The industry is neither vertically nor horizontally integrated in the manner of the major Hollywood studios or multinational entertainment conglomerates. ‘Studios’ within the Indian context are merely shooting spaces and not production and distribution concerns. Though there has been a move toward integration and points of convergence . . . these instances are not systemic and do not preclude others from entering the business. Essentially, the ‘industry’ is a very diffuse and chaotic place where anyone with large sums of money and the right contacts can make a film. Although both the Western and the Indian press use the metaphors of factories and assembly-line production to characterize the Bombay film industry, i.e., ‘Bombay’s dream factories churn out hundreds of films a year,’ in reality the industry is extremely decentralized and flexible and a more apt comparison would be to a start-up company financed with venture capital. Each Hindi film is made by a team of people who operate as independent contractors or freelancers and work together on a particular project rather than being permanent employees of a particular production company. Films are often financed simply on the basis of a star-cast, the germ of a story idea and a director’s reputation. . . . Power resides in the stars, directors, and producers. The industry contains very few non-value-added people such as executives, lawyers, agents, professional managers, i.e., the ‘suits,’ who do not contribute to the actual filmmaking process. There are also no intermediaries such as casting agents, talent scouts, or agencies like ICA and William Morris.

In the absence of lawyers, Ganti notes (and Suketa Mehta corroborates much of this in his book Maximum City, which is also largely based on personal experience with prominent figures in the industry), large deals are often sealed on the basis of verbal agreements between trusted partners. The informal nature of the system also makes it a convenient haven for ‘black money’ –- cash investments by gangsters, who need to hide their earnings from tax collectors.

  1. English. These days, many Bollywood screenplays are written in English originally. The reasons for this are many and overlapping. Here is how Ganti explains it:
While the narration of a [Bollywood] script is in Hindi or ‘Hinglish’ – a mix of Hindi and English prevalent among urban elites, many contemporary screenwriters first write their scripts in English and then translate the dialogues themselves into Hindi or work with a dialogue writer who is more proficient in the language. The specifics of a screenplay such as location, time of day, scene descriptions, and camera movement are always in English. The presence of English as a language of production may surprise readers, but is testament of the cosmopolitan nature of the Bombay film industry where people come from every linguistic region of India, and are not necessarily native Hindi speakers. . . . This reliance on English by screenwriters is a recent phenomenon and also signals a shift in [the screenwriters'] background. In the earlier decades of Hindi cinema, screenwriters were often Hindi or Urdu poets, playwrights, or novelists who supported their literary endeavors by working in the film industry. Today, the majority of screenwriters come not from such literary backgrounds, but from a wide range of professional as well as film industry backgrounds. (69)

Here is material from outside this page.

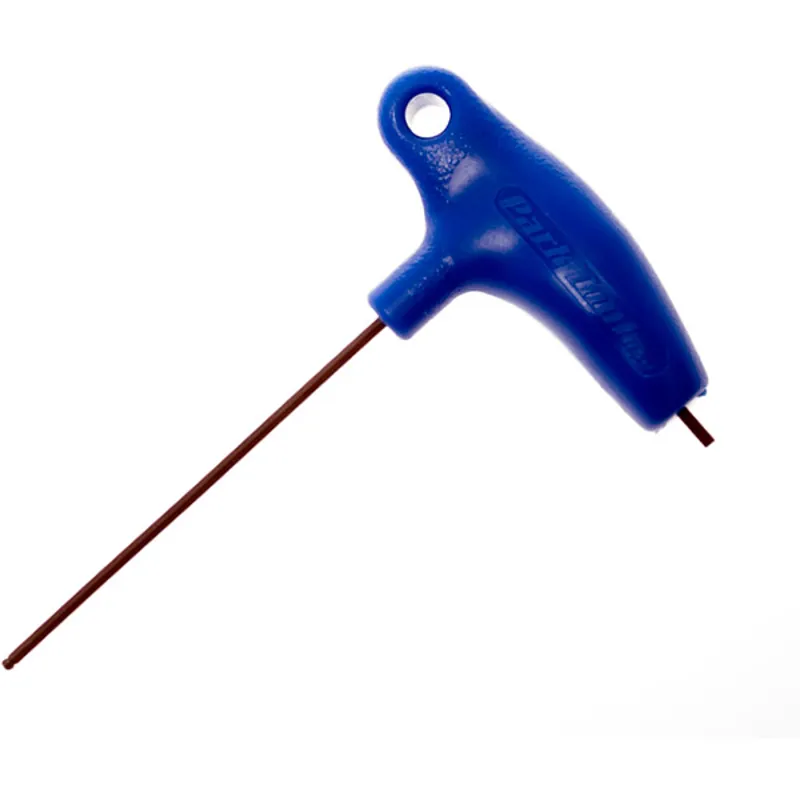 Park Tool P-Handled Hex Wrench in Blue-2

The change in the kinds of people who write the films might explain why some people feel the films today are not up to the par set by the 1950s and 60s. It also explains how the Hindi dialogue in more ‘urban’ themed films (like Dil Chahta Hai) sometimes seems a little forced, as if everyone would be more comfortable doing the whole thing in English.

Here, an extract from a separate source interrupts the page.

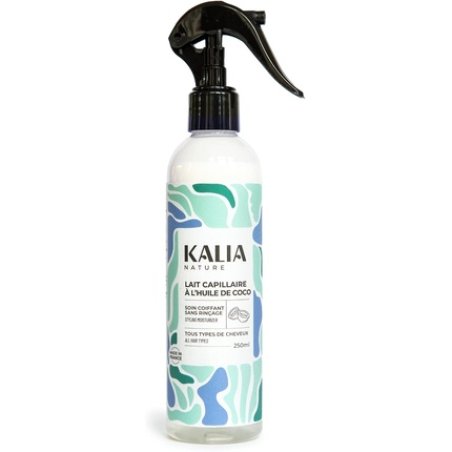 Kalia Nature Coconut Oil Hair Milk for Dry Hair 250ml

  1. Synch-sound. The vast majority of Bollywood films are still dubbed. The industry is still generally using older cameras, which produce camera noise, and has never invested in creating sound-proof shooting conditions in their studios. As a result, it’s still easier and more efficient for actors to dub their voices in studio after shooting. This state of affairs is unfortunate, as dubbing is sometimes adversely affects the quality of the acting and the ‘production values’ more generally.

This set-up also helps non-Hindi speaking actors (like the Tamilian superstar Kamal Haasan) to enter into the Hindi film industry. Conversely, it allows Hindi film actors to get into non-Hindi film industries, even if they don’t speak the language. The weirdness is that in some cases, if the actors concerned can’t quite get their lips around the language in question, other actors’ voices might be over-dubbed for their lines. Thus, the actor who is physically on screen may have his lines vocalized by someone else, while the songs in the film are sung by yet a third person!

43 thoughts on “8 Things About Bollywood You May Not Know

  1. Some of those were fascinating, I had no idea about the taxation and number of prints. The sound, ugh the sound – as per the other thread, you can see how much that bugs me. It’s so woefully unprofessional to get Lisa Ray in to mouth her lines just cos “she’s got a totally hot bod yaar.”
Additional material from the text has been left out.